A mortgage broker called me yesterday to ask for some advice on social sharing after hearing me speak at a recent event. She works for a bank in a small central Kentucky town and wanted help with the technical end of sharing good content.
Her basic issue was she didn’t know where to find the good articles to share to be useful to her audience. So we went through a little social sharing exercise. Here’s what we did:
- Go to http://alerts.google.com. Login or create a Google account if you don’t have one. They’re free. In the box that says, “Create an alert about…” type in “when buying a home” and include the quotation marks. Now subscribe to the updates via email daily. I told her she would then get a new email everyday with any new article that appeared online with the phrase “when buying a home” in it. The reason I chose that phrase was it was one that would really only be used when someone wrote advice to an audience about buying a home. Putting your search thinking in line with what a journalist would write when giving that kind of advice will help you get better results.
- Go to http://feedly.com. Login or create an account. In the “Find Feeds & Boards” button (the one with the + sign in the left side bar), click, then use the search bar on that page to type in “home buying” or “mortgages” or “Brad Pitt” or whatever topics you think your audience may be interested in. As the choices of blogs and websites come up on that page, add them to your Feedly so you can log back in and see new content from those websites regularly. If there’s a website you want to add to Feedly, like a small town newspaper, just copy and paste it’s URL into the search bar and Feedly will go find it’s “feed.”

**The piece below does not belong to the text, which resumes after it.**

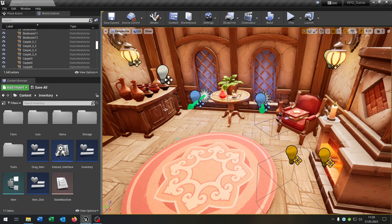Hello and welcome to this tutorial. This tutorial will be a summary and optimization of our current inventory system. We will take a look at every function and how we can optimize it. So let's go.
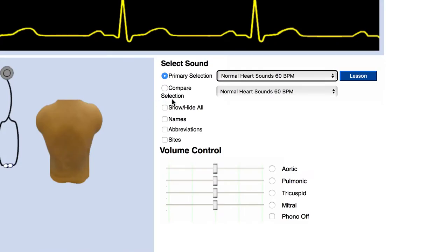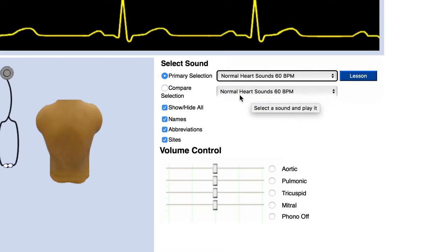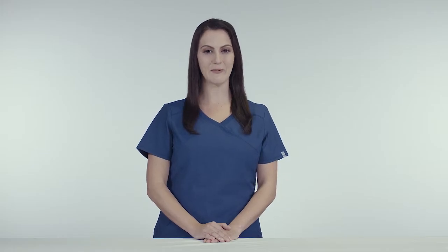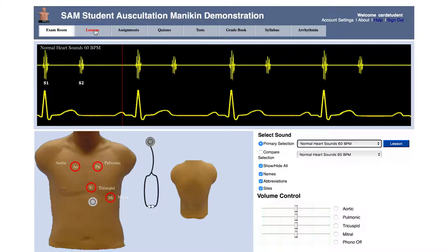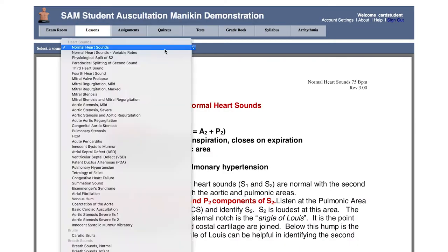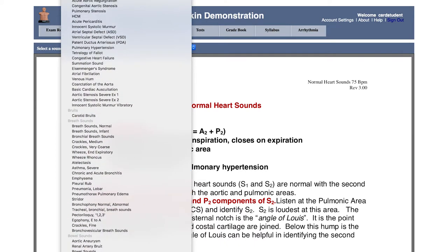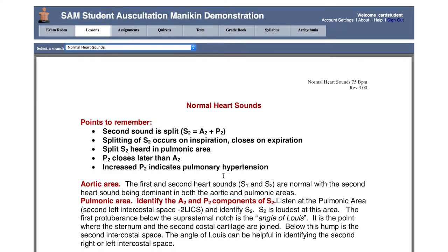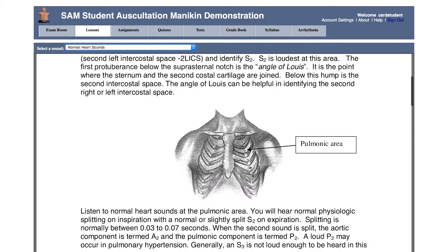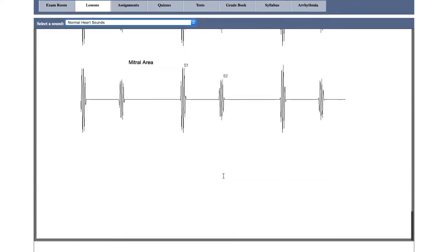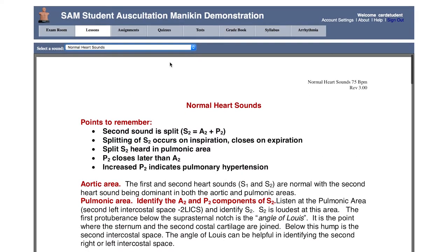To find the lesson guides, there are two ways to do so. While listening to the sound in the exam room, you can click the lesson button next to the selection bar. Alternatively, you can search our entire library of over 60 lessons within the lessons tab at the top. Choose from any of our heart, lung, and bowel sounds. These lessons provide comprehensive instruction, which accelerates the learning of assessment and diagnosis for students.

- Now check your email daily. Or go to Feedly as part of your morning routine, find and article or two your audience would be interested in and share it on your social networks. For more effectiveness with social sharing, use HootSuite, Buffer, SproutSocial or some other management platform that allows you to queue multiple pieces of content to share out across the day. Or one that lets you manually choose a time to share content rather than all at once, in real time.
And that’s it. Unless you want to pay for pro accounts for any of those softwares listed above, you can be a social share machine for an investment of a little time and exactly $0.00.
The final thing I told her was that in a small town, you just need to use your instincts. Be a good community resource and friend. Small town folks buy from people they know. So build a network of people on Facebook (or whatever social network you choose) who you can be a good resource to and who can come to rely on you for useful content. Then when they’re ready to buy, you’ll already be in position to win their business.
That’s one way to do it. What are your ideas? The comments are yours.